For the Travel Agent
Travel Agents are in fact the prime target audience for NDC. They represent the 50% plus portion of business that is still transacted through them. And as you know, it also represents an even higher percentage of their revenues as the type of itineraries that stick to the indirect channel tend to have higher face value (we estimate approximately 40% higher on average) as these tend to relate to corporate travel often with complex itineraries and long-haul travel.
- Rich content view of travel options
- Greater transparency of fares across providers
- Ability to personalise offers based on context
- Greater reporting capability
Simply put, for Travel Agents and TMC’s, NDC facilitates an increased transparency of travellers total spend. The premise of this is that instead of travel managers having access to the fare cost only, with the traveller then individually booking and expensing ancillary products, NDC allows all costs of a flight to be captured within the original booking. In theory, eliminating any lack of visibility over travellers spend and selections. Since agents too have been under competitive pressure from the direct channel, they have a vested interest in being able to transact a whole trip including ancillaries in one place, rather than the current hybrid approach they are forced to take today.
For the Traveller
For reasons of saving time and money, travel expense management, contract negotiations and customer support — corporations in particular continue to channel their staff travel needs through agents. The traveller and the company paying for his trip are prime beneficiaries of the new NDC merchandising world.
They get the three ‘Cs’:
– Choice – ability to compare prices and options available for the trip from different airlines
– Convenience – of booking seat and ancillaries in one go
– Control and visibility of the total expense of the whole trip.

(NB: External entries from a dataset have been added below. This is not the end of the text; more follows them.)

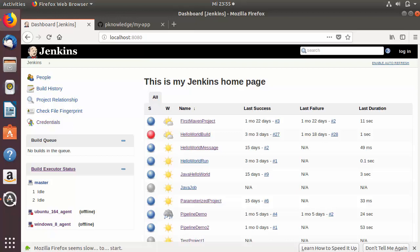Welcome to the next video on Jenkins tutorial for beginners. In this video I'm going to show you how we can create a multi-branch pipeline project in Jenkins. First of all, what is a multi-branch pipeline project? The multi-branch pipeline project type enables you to implement different Jenkinsfiles for the different branches of your project.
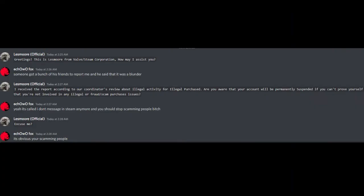Greetings. This is Les Moore from Valve Steam Corporation. How may I assist you? Someone got a bunch of his friends to report me and he said that it was a blunder. I received the report according to our coordinator's review about illegal activity for illegal purchase.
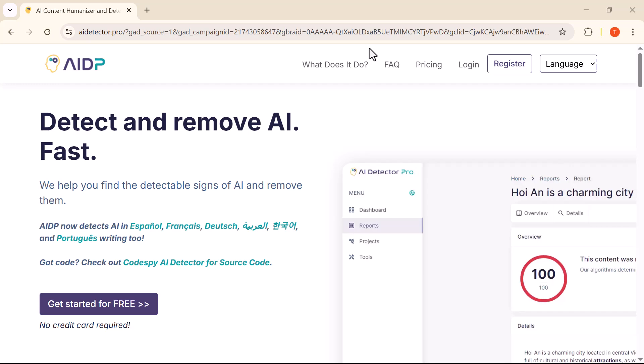Hey everyone, welcome back to the channel. In this video, I'm going to show you an amazing tool that can detect and remove AI-generated content in just a few seconds.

Arguably this leads to a fourth C – strengthening of compliance to the corporate policy.
One of the biggest selling points of NDC is the facilitation of personalised fares. Giving airlines the ability to service travellers with a fully customer-centric approach, dynamically pricing and personalising their products. This means, if the traveller agrees, elements of personal information are released to airlines when the initial fare is searched. Airlines then return a fare considering these details. To an extent, this feature is already exercised when booking direct with an airline via their websites, where they are able to identify and engage their customers with specific offers based upon their previous journeys. For corporate travel managers this is a positive development as it encourages employees back to booking through their TMC rather than arguing that a more attractive fare is available direct.
The Challenges to get to the NDC Vision
For NDC to be successful and reap the benefits for the stakeholders, it needs to be adopted by a critical mass of airlines. Currently the airline IT environment needs to be modified to facilitate the creation of the offer. Airlines have to develop within their PSS on top, both an Offer and Order Management System. Those systems will enable the airline to create the offer and process it until ticket issuance and payment.
Finally, data will be the Holy Grail in the airline distribution chain, as it is in most contemporary retail supply chains. Retaining central control over the data provided to the airline and other suppliers will determine what offers are presented to travellers. “More data will equal better personalised offers. How data is used is going to be very important.